However, the most famous story of this type is about King David – the greatest king in the history of Israel, the king who was the ancestor of all the other great kings of Israel, the king who, according to Jewish tradition, will some day be the direct-line ancestor of the Messiah. That King David.
One day, King David’s advisor, the prophet Nathan, appeared before him and told him a story. “There were two men who lived in the same town,” Nathan began. “One of them was rich and one was poor. The rich man had very large flocks of sheep and herds of cattle, but the poor man only had one little lamb. The poor man kept the lamb as a pet. He fed her from his hand and let her drink from his cup. The poor man would hold the lamb in his lap at night and let her sleep with her head on his chest. The lamb grew up with the man’s family and she was like another daughter for him.”
Nathan continued with his story. “One day, a traveler came to the town and he went to the home of the rich man. Custom demanded that the rich man must provide a meal for his guest, but he did not want to slaughter one of his own sheep for the meal, so he took the poor man’s lamb, slaughtered it, and served it to the traveler.”

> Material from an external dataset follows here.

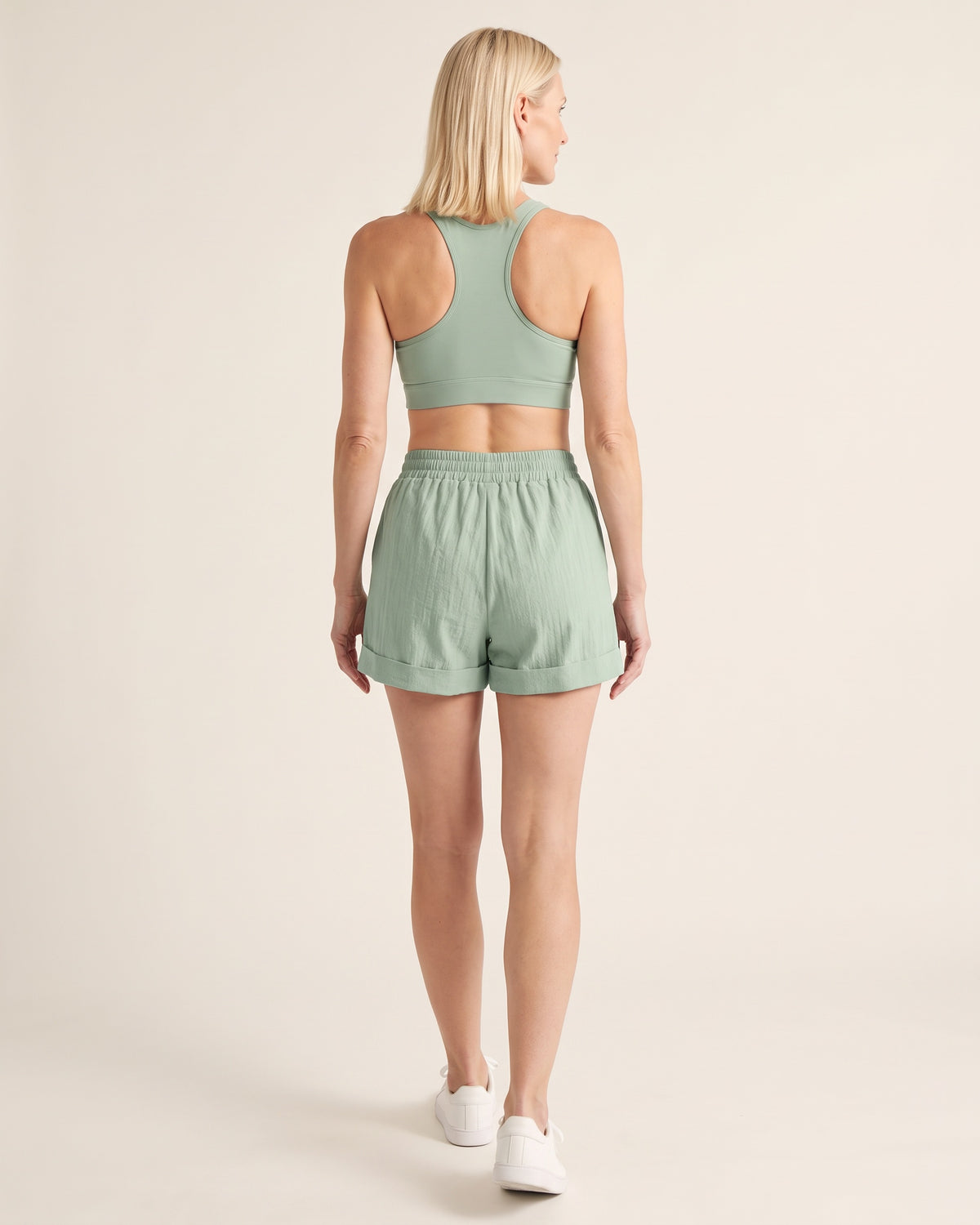 Cotton Casual Shorts - Light Green - Back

Hearing this, King David was incensed. He raised his voice and cast a kingly sentence against the man in the story, “As God lives, the man who did this deserves to die! His behavior is disgraceful! What a horrendous, pitiless thing for that man to do!”
It was just the reaction that Nathan had hoped to provoke. He said to the king, “That man – is you.”

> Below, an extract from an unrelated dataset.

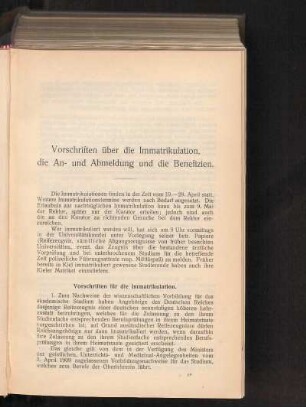 Vorschriften über die Immatrikulation, die An- und Abmeldung und die Benefizien.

What had David done to deserve this rebuke? King David had six wives. Two of them were daughters of kings. Yet, David lusted over another woman – a married woman – so much that he had her husband killed so he could have her as his own. The woman, Bathsheba, became David’s seventh wife, his favorite wife, after the death of her first husband, Uriah.
The story about the man who loved the lamb was Nathan’s parable for the way that David – the wealthiest man in the kingdom – had, on a greedy whim, stolen the beloved wife of a much poorer man. What did David do when he heard this story? Well, he might have called Nathan a liar and put him to death for treason. No one would have stopped him if he had. But he did not. Instead, he recognized himself in Nathan’s story. He said only two Hebrew words in reply, “Chatati l’Adonai,” “I have sinned before God.”
David, according to the story, was partially forgiven by God for his sin. Without realizing it, David had declared a death sentence upon himself when he said to Nathan and to God, “The man who did this deserves to die.” When Nathan revealed the full story to him, David probably did believe that, yes, he deserved to die for what he had done to Uriah and to Bathsheba, and he expected God to punish him with death. Yet, God allowed him to live because of his confession – because he acknowledged his wrongdoing, when he could have just denied it.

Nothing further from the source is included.